Crianças e adultos sentem o tempo de forma muito diferente, e esse é um material riquíssimo para qualquer dramaturgia. À Deriva, dirigido por Heitor Dhalia em 2009, captura bem a tese ao trabalhar dois pontos de vista bastante distintos nesse sentido. Enquanto um veraneio em Búzios, no Rio de Janeiro, pode ser apenas uma pequena temporada de reflexões e discussões para que Clarice (Débora Bloch) e Matias (Vincent Cassel) tentem ajustar os ponteiros de um casamento em pedaços, é bem provável que a jovem Filipa (Laura Neiva), de 14 anos, sinta as semanas veranis como uma difícil e inconsciente jornada de amadurecimento rumo a respostas que só as dores da vida podem trazer.

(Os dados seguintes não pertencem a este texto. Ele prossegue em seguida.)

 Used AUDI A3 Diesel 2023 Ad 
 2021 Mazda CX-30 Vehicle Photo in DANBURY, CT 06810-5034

Os pais da garota não se atentam tanto a essa disparidade de tempos enquanto vivem momentos derradeiros de um casamento falido, mas Filipa, cercada por todos os questionamentos da transição para a vida adulta, sabe muito bem o que acontece em casa, o que só amplia a confusão emocional de uma temporada na praia que, em alguns dias, sintetiza o emocional de todos os membros da família.

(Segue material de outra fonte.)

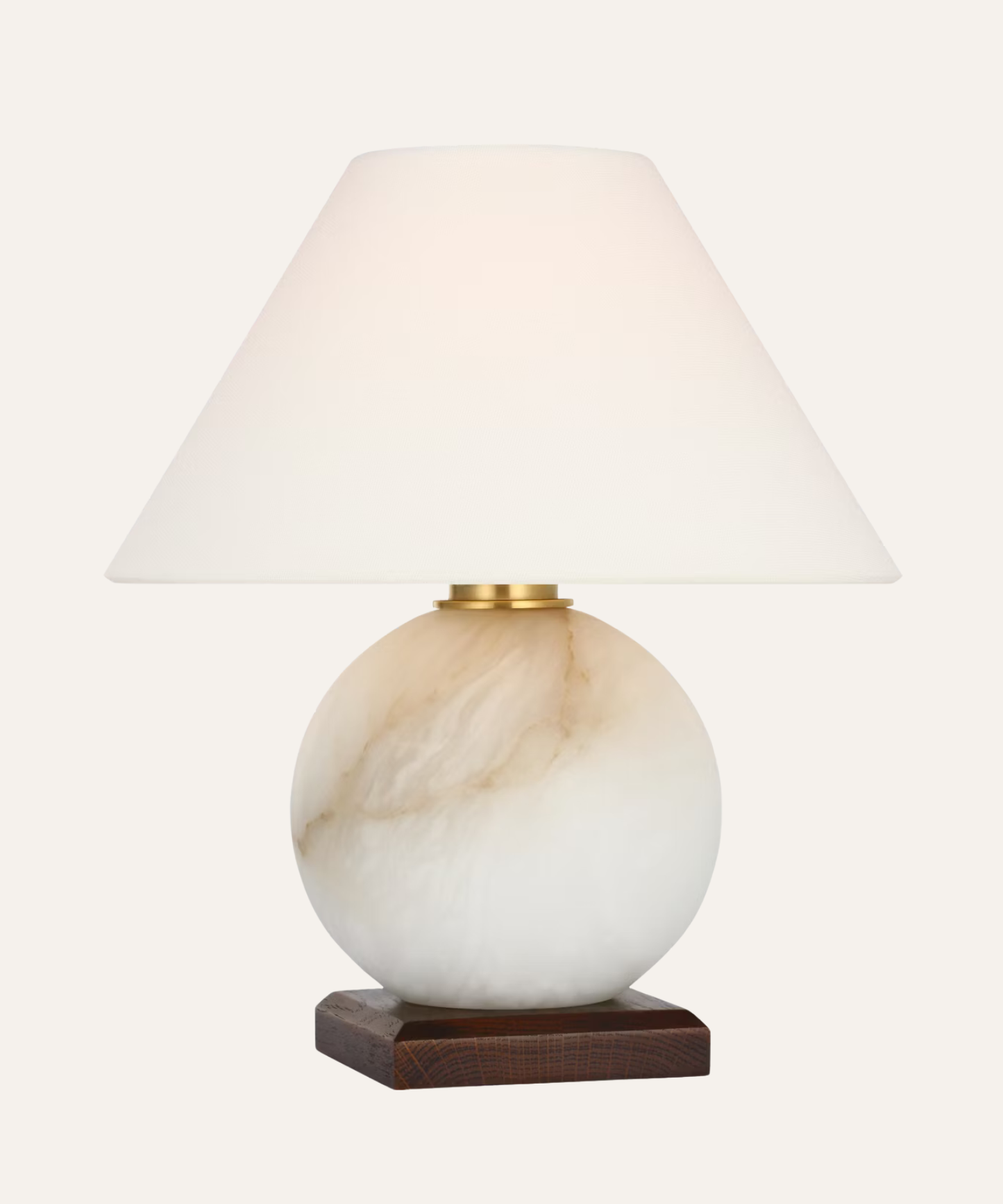 Hardwick 12" Cordless Accent Lamp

Exibido na mostra Un Certain Regard do Festival de Cannes, À Deriva é o exemplo máximo da sofisticação estética e narrativa do diretor pernambucano Heitor Dhalia, que, antes desse filme estrelado pela estreante Laura Neiva e pelos já conhecidos Débora Bloch e Vincent Cassel, havia dirigido Nina e O Cheiro do Ralo. No roteiro escrito por ele, com colaboração de Vera Egito, o contexto e a desintegração familiar ganham frescor porque são narrados a partir do ponto de vista da filha do casal. Ao mesmo tempo em que acompanha o atrito entre os pais e secretamente descobre a infidelidade de um deles, a jovem precisa lidar uma adolescência que cada vez mais lhe impõe interesses amorosos e o inevitável desabrochar sexual. Muito à frente do tempo de seus amigos, ela, por de certa forma tomar consciência dessa sua evolução, acha que entende tudo da vida – e essa interpretação errada do que é de fato conhecer a vida lhe coloca equivocadamente a missão de tentar fazer alguma diferença dentro de casa, onde pensa que pode – e deve – influenciar determinadas resoluções que simplesmente estão fora de seu alcance.

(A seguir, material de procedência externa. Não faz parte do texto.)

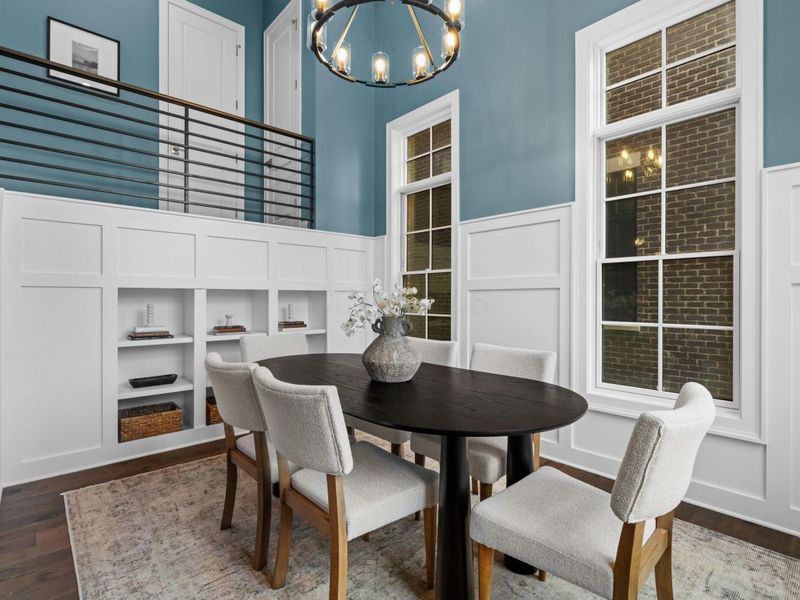 43 W Whittier Street, Columbus, OH 43206 Photo 9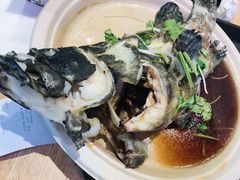 -盒马X会员店(王府井奥莱UP TOWN店)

Heitor Dhalia, que, logo após a realização de À Deriva viajou aos Estados Unidos para fazer o já esquecido 12 Horas com Amanda Seyfried, só ganha ao transferir a interpretação dos dramas para os olhos de Filipa, até porque, caso contado a partir de visões independentes dos núcleos, o resultado poderia ser dos mais mornos. E o saldo positivo não é apenas na questão do texto: Laura Neiva é espetacular como a garota que pode até não ter a nossa simpatia, mas cujos conflitos nunca despertam indiferença. Em seu primeiro trabalho no cinema (ela, infelizmente, não alcançou o reconhecimento que merecia, inclusive na TV), tira de letra um papel repleto de desafios e não fica devendo nada aos também ótimos Débora Bloch e Vincent Cassel. De estética impecável (não são apenas as belíssimas paisagens de Búzios que engrandecem a fotografia do já falecido Ricardo Della Rosa), À Deriva ecoa após a sessão, claro, pela linda e inesquecível trilha sonora de Antonio Pinto, e, acima de tudo, pela forma franca e natural com que transforma temas essencialmente convencionais em momentos pequenos, mas únicos em suas particularidades.